5. Give an Ultimatum
Generally, I am not a proponent of ultimatums, especially when we are not sincere or serious about them. Often they are used to heighten the drama of a situation without providing a real solution. But supposing we’ve tried all of the other steps here and our relative still decides to be disrespectful, it may be time to pull this out. You can put it in writing; sometimes it’s easier to say something difficult without being interrupted or being at the mercy of our possible lack of verbal proficiency. But there is no one right way to do this. It may look something like this: “I have asked you several times not to do X while we are visiting, because it makes me feel like Y. I feel like if this were to continue, we might have to shorten/call off/eliminate our visits.”
Don’t use this as a template.
6. Distance Yourself
Oh boy, still nothing?
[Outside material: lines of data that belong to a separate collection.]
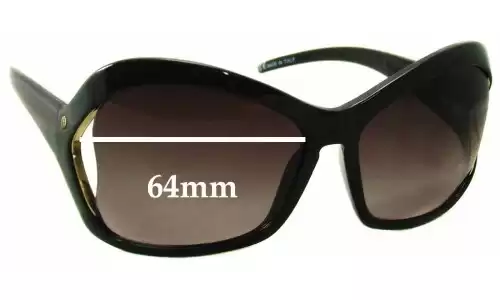 Sunglass Fix Lentes de Repuesto para Electric Heartache - 64mm Wide Sunglass Fix Lentes de Repuesto para Electric Heartache - 64mm Wide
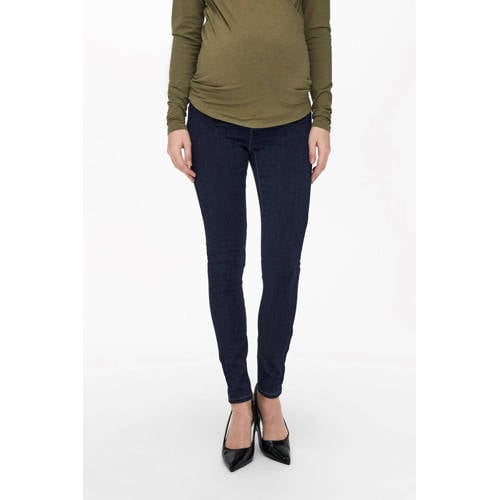 ONLY MATERNITY skinny jegging OLMRAIN dark blue denim afbeelding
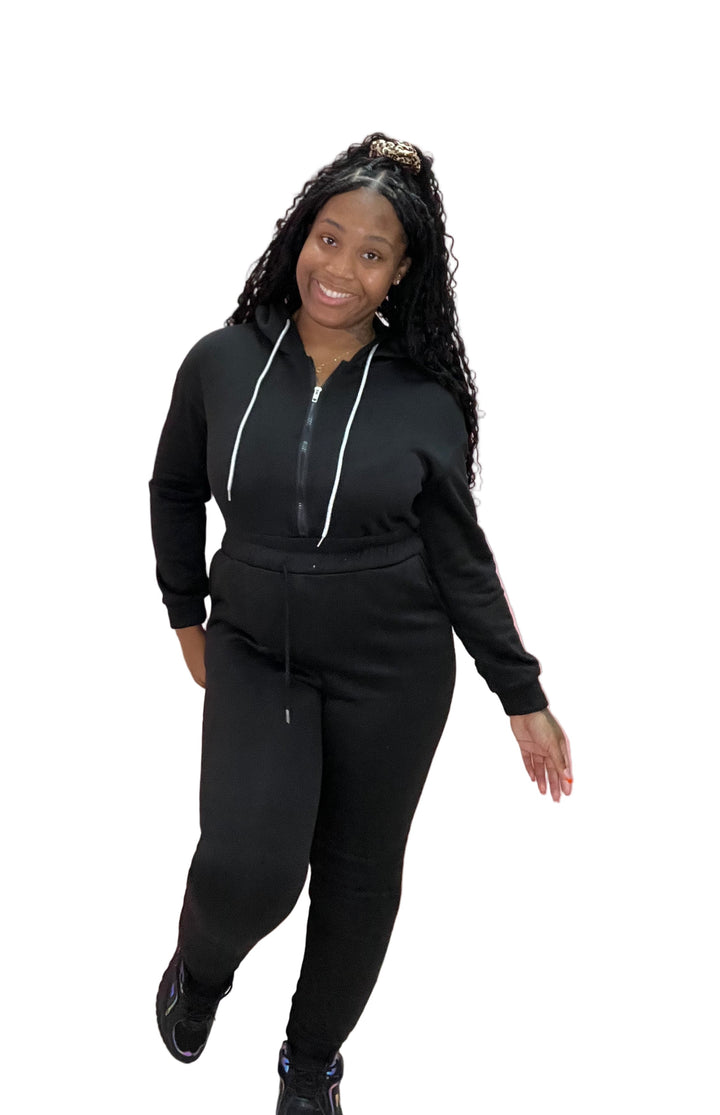 Get Cozy Sweat Pants Jumpsuits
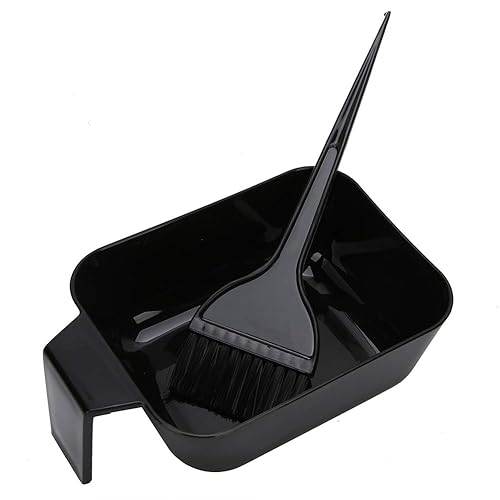 Juego de 2 tazones y cepillos de color de cabello, tazón de mezcla de tinte para el cabello, cepillo de tinte para el cabello, cuenco y cepillo para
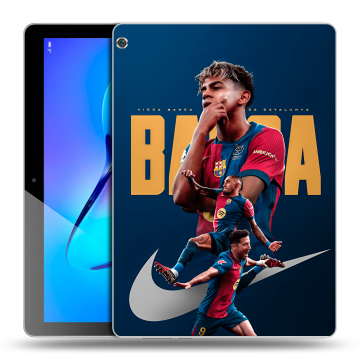 Силиконовый чехол на Huawei MediaPad M3 Lite 10 с принтом Барселона Barca Yamal 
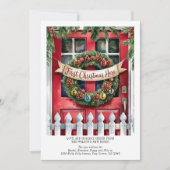 初めてのクリスマスの新しいホームリースとイニシャル シーズンカード (正面)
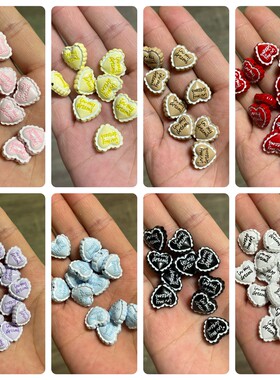 【合金】爱心花束珍珠花kitty缝补熊美乐蒂桃子猪企鹅苹果DIY配饰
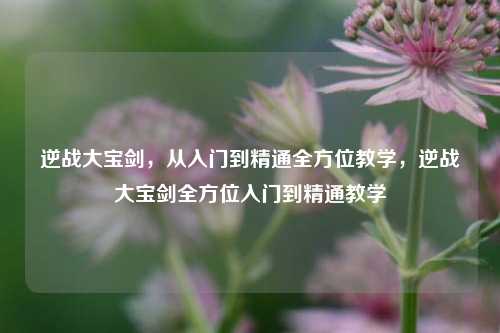逆战大宝剑，从入门到精通全方位教学，逆战大宝剑全方位入门到精通教学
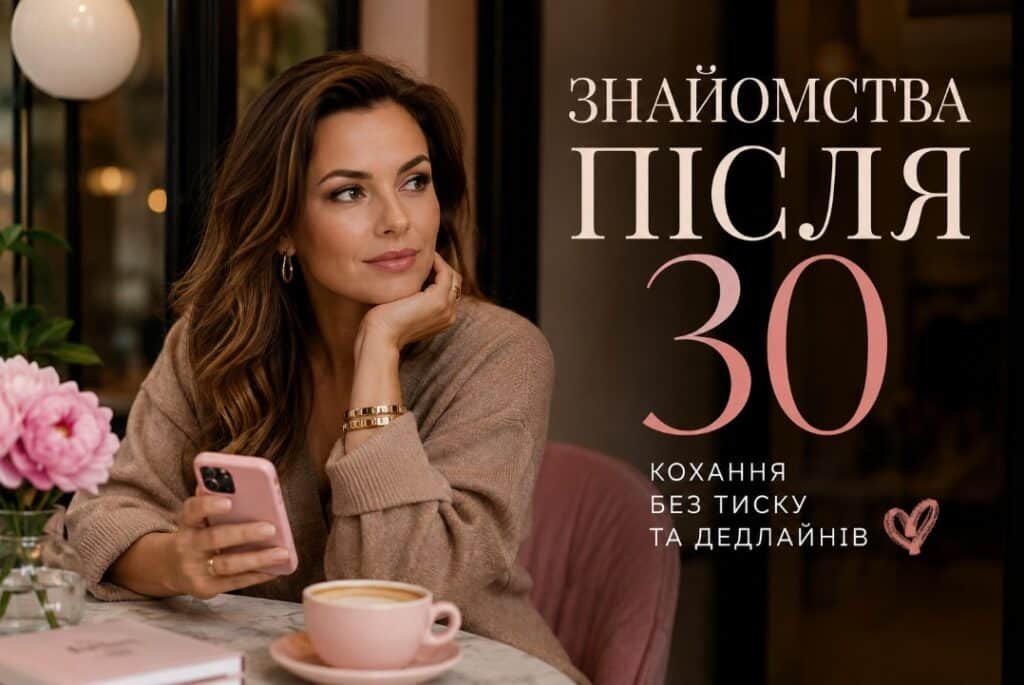 Жінка після 30 шукає серйозні стосунки без тиску та поспіху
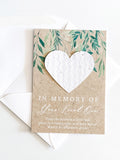 Personalized Plantable Memorial Cards with Envelope Seed Paper Sympathy Card Gift Condolences Card Infant Loss, Bereavement growNOTESª sympathy flower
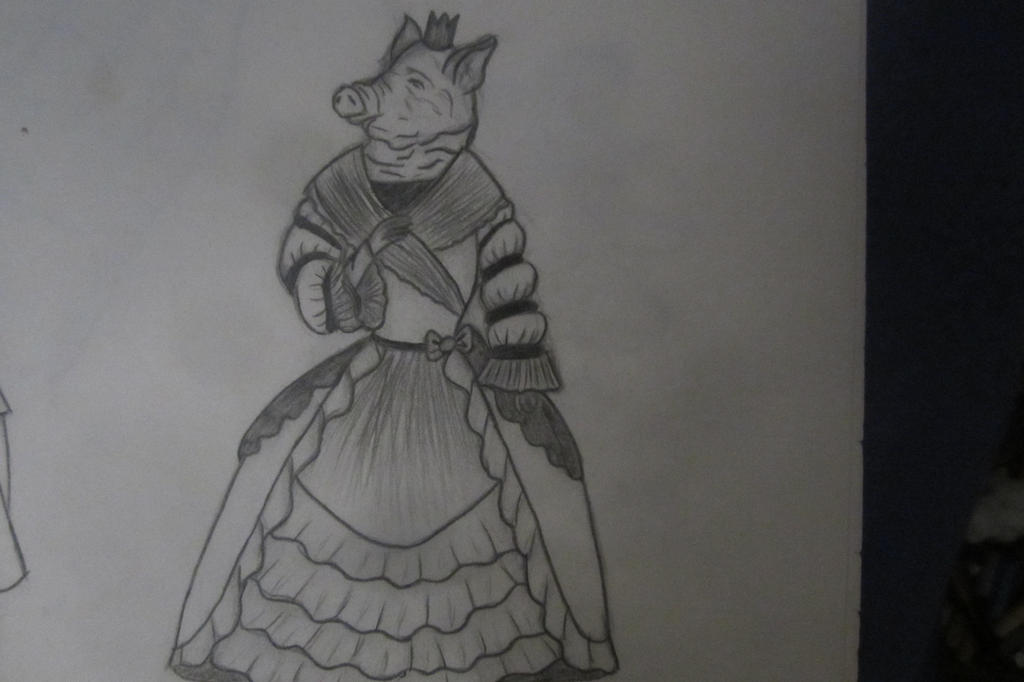 Pig queen by snotsuger on DeviantArt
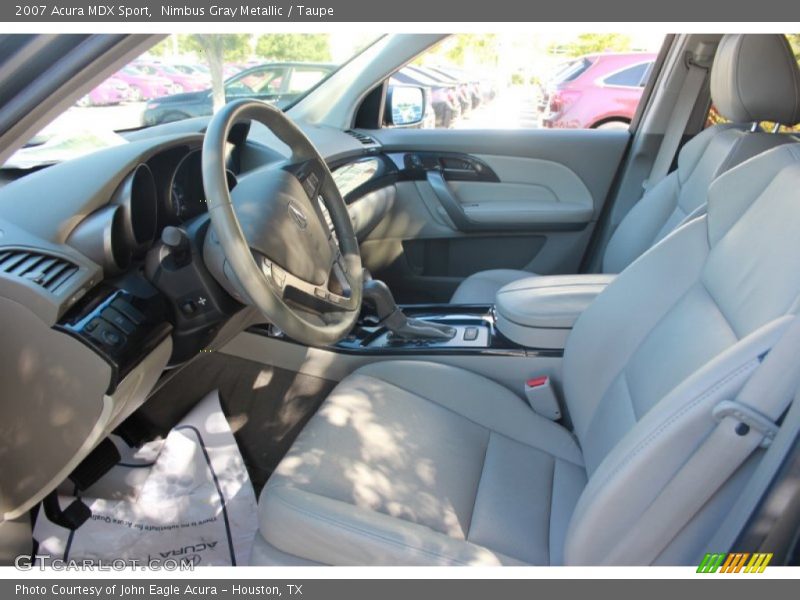 Nimbus Gray Metallic / Taupe 2007 Acura MDX Sport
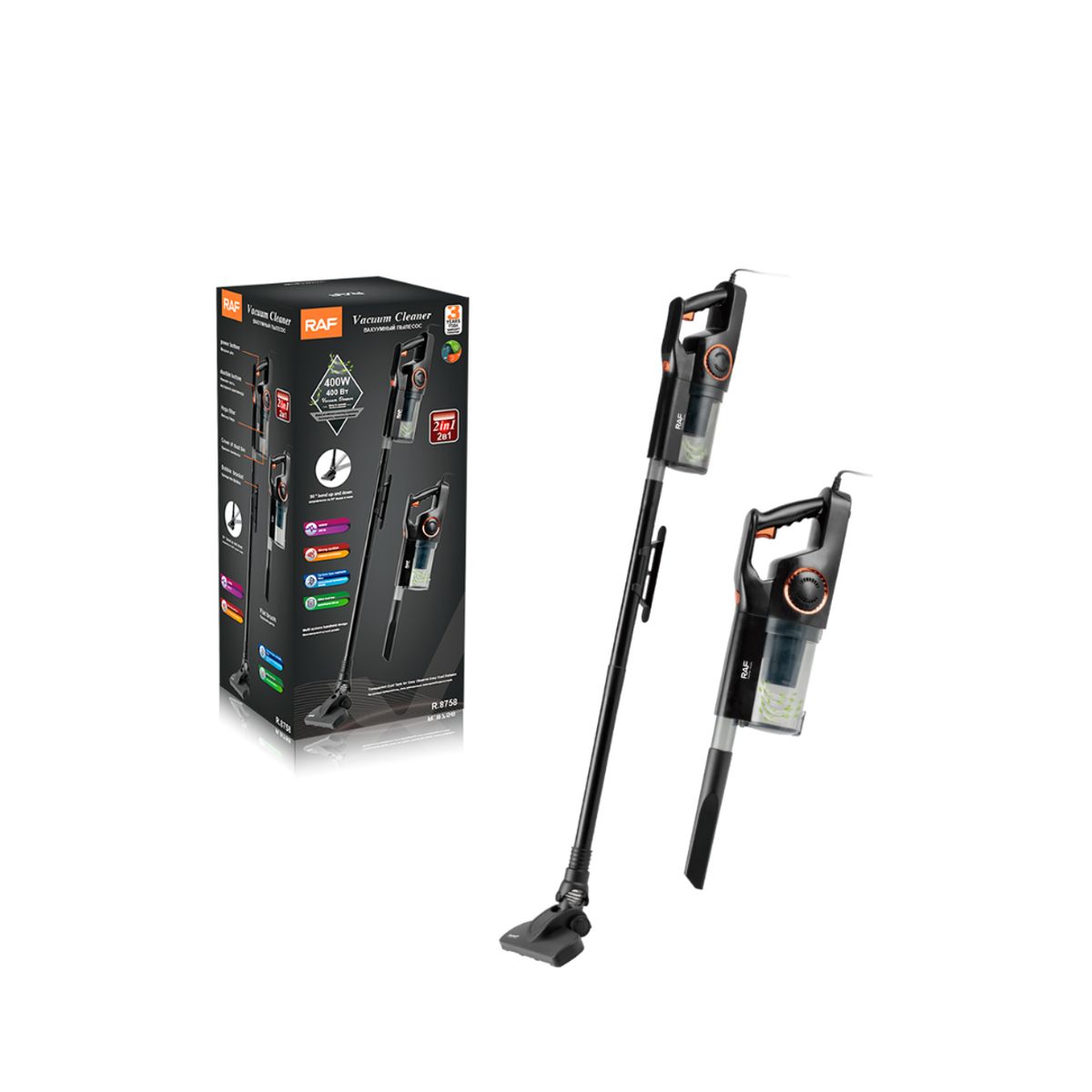 GENERICO - ASPIRADORA ELECTRICA 2 EN 1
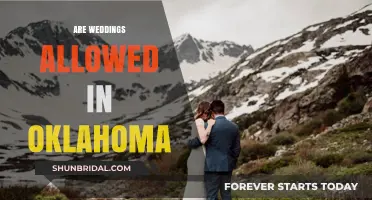 Oklahoma Weddings: What's Allowed?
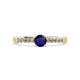 3 - Juan Blue Sapphire and Diamond Engagement Ring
We may have to ask ourselves how much our relative really cares about our feelings at this point. Are they saying things to aggravate us because it’s somehow funny to them? Are they showing us any goodwill or respect for our feelings? Even after we’ve explained to them the damage this inflicts on our relationships? If it seems more important to them to have their racist spiels, sexist jokes, homophobic rants, and hateful diatribes, it may be worth asking ourselves a very difficult question: is this the kind of person we want in our lives? This may be painful, but perhaps it is necessary. For example, the lesbian woman who has the aunt that continuously denigrates what she call her “lifestyle choices”, may be making a healthy choice by distancing herself from a person who is consistently hurting her. Again, there is no rules about when and how to do this. What one person tolerates may be different for someone else. But sometimes it can be better to handpick our families and fill them with people who love and support us for who we are.
Ah, peace at last.
While we will almost always have disagreements and arguments with family members, some of them are more serious than others. We must know ourselves and our own values, and take the appropriate steps to act upon them. Wherever possible, we should seek to promote education and tolerance among those closest to us. We can do this by first considering where they come from, model appropriate behaviour, and correct their mistaken assumptions with facts. When all else fails, we must resort to what is healthiest for ourselves.